Transport Minister Phil Twyford is maintaining his opposition to four-lane expressways and last night told a delegation of four Northland Mayors he would not agree to make State Highway One from Whangarei to Auckland one.
Instead, he confirmed the Government is proposing to use the Provincial Growth Fund to upgrade the rail line from Auckland to Whangarei and to build a new line to Northport.
Those moves would make the Whangarei port a much more viable contender to take over from Auckland as the main port for the northern region.
“It’s very clear that State Highway One is an economic lifeline for the north,” Twyford told POLITIK.
“We completely accept that.
“But I explained to them with our new Government Policy Statement we are demanding value for money and safety improvements that will save lives.”
Twyford said this could be achieved by investing in media barriers, safety barriers and passing lanes.
But he said that could change.
“It could well change, for instance, if Northport features more heavily in the upper North Island ports system.”
The coalition agreement between Labour and New Zealand First does commit the Government to a New Zealand First initiative which called for the • commissioning of a feasibility study on the options for moving the Ports of Auckland, “including giving Northport serious consideration.”

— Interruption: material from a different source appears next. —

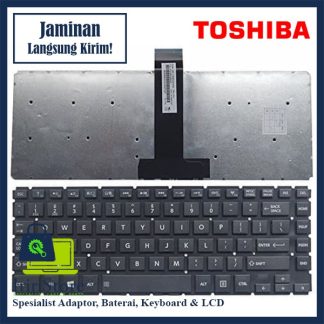 KEYBOARD LAPTOP TOSHIBA SATELLITE L40D-B L40B L40-B L40DT-B NON FRAME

Regardless of that Twyford has confirmed that the Government is now to move ahead on upgrading the rail line from Auckland north.
That is an essential pre-condition for any move to make Northport the main port.
In 2016 Kiwirail Asset manager Dave Gordon it would cost $240 million to bring the railway from Waitakere to Whangarei up to the same standard as the Hamilton to Port of Tauranga railway.
And during the election campaign, Gordon said the 20-kilometre spur from Whangarei to Northport itself would cost about $200 million.
Twyford said the upgrade of the line was discussed with the Mayors.
“I let them know that it is the Government’s intention to pursue a renovation of the North Auckland line and the spur to Marsden Point.
“Northport has the potential to be a very significant economic development driver for the north.
“That rail line is critical to Northport becoming more competitive.”
Twyford said work had begun on establishing a time frame for the rail line upgrade.
“It’s likely that that project will end up being pitched to the Provincial Growth Fund so I can’t put a precise time frame on but I know it is something that Minister Jones and I want to progress within our first term in Government.”
Twyford believes that upgrading the rail line could also reduce traffic pressure, particularly from heavy trucks, on the Whangarei to Auckland highway.
The Minister told the Mayors that the Government would be investing more in their regional roads.
“Those Councils, many of whom struggle to maintain their local roads, let alone build any new ones, are going to get more money for new local roads and local road maintenance.
“They are going to get more money for regional roads which can include state highways too and state highway maintenance is getting a boost.
“ If you look at the state of Northland’s roads, they’ve been neglected for the last nine years and left in a state where they are highly vulnerable to extreme weather events; we are going to invest more, alongside the Councils.”
But Twyford came under fire in Parliament yesterday over the regional roading policy.
The Government is proposing to increase regional and local roading expenditure by at least 30% by 2020.
However, the total sums are still relatively small.
By 2020 the maximum that would be spent on local and regional roads would be $1.37 billion.
Some of this increase has been achieved by the embargo on the four-lane expressways.
That means that the Government’s projection for new state highways in 2020/21 is now between $900 million and $1.15 billion whereas National had proposed to spend between $12 billion and $1.65 billion that year — an average decrease of around 37 per cent.
The Prime Minister claimed in Parliament yesterday that people in the regions would be pleased to see the increase in their roading expenditure “instead of spending 25 percent of that fund on roads they don’t use” (a reference to expressways)
Whether the Northland Mayors would agree with that is another matter.